**Assignment**
Using the line that has "image for item" as the starting point, print each line to the end of the material below word for word. Add no other lines.
BEGIN Extracted entries
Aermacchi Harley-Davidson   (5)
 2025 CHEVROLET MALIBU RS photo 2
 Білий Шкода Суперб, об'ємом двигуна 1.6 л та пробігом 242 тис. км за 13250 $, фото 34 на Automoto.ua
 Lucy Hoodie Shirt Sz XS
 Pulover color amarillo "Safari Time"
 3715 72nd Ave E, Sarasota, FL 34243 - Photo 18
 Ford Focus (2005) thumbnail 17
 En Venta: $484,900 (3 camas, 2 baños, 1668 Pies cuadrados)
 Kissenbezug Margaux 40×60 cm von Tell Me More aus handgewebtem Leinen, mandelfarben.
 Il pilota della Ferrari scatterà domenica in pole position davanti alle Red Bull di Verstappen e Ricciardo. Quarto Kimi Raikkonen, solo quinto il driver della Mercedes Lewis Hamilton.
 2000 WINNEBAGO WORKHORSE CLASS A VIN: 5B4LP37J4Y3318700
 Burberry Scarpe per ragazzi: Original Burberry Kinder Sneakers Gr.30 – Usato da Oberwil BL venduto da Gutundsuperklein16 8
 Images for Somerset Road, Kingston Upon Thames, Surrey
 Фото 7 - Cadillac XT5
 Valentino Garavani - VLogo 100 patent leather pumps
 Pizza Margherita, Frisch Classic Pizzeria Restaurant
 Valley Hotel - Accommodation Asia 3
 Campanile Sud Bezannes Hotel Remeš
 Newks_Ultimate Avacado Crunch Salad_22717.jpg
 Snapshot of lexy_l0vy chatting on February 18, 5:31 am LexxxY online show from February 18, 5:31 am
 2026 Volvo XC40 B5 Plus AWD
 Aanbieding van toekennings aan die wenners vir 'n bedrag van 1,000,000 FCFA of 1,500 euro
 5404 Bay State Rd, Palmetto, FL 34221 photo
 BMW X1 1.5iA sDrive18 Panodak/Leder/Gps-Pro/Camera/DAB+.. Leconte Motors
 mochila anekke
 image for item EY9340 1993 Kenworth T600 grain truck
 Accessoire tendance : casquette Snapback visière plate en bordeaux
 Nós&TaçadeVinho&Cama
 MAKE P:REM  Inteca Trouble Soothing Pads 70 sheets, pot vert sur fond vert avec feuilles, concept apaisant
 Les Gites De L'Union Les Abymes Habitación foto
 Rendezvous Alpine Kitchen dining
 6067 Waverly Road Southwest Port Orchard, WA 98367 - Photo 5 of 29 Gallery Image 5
END Extracted entries
**Result for this exercise**
 image for item EY9340 1993 Kenworth T600 grain truck
 Accessoire tendance : casquette Snapback visière plate en bordeaux
 Nós&TaçadeVinho&Cama
 MAKE P:REM  Inteca Trouble Soothing Pads 70 sheets, pot vert sur fond vert avec feuilles, concept apaisant
 Les Gites De L'Union Les Abymes Habitación foto
 Rendezvous Alpine Kitchen dining
 6067 Waverly Road Southwest Port Orchard, WA 98367 - Photo 5 of 29 Gallery Image 5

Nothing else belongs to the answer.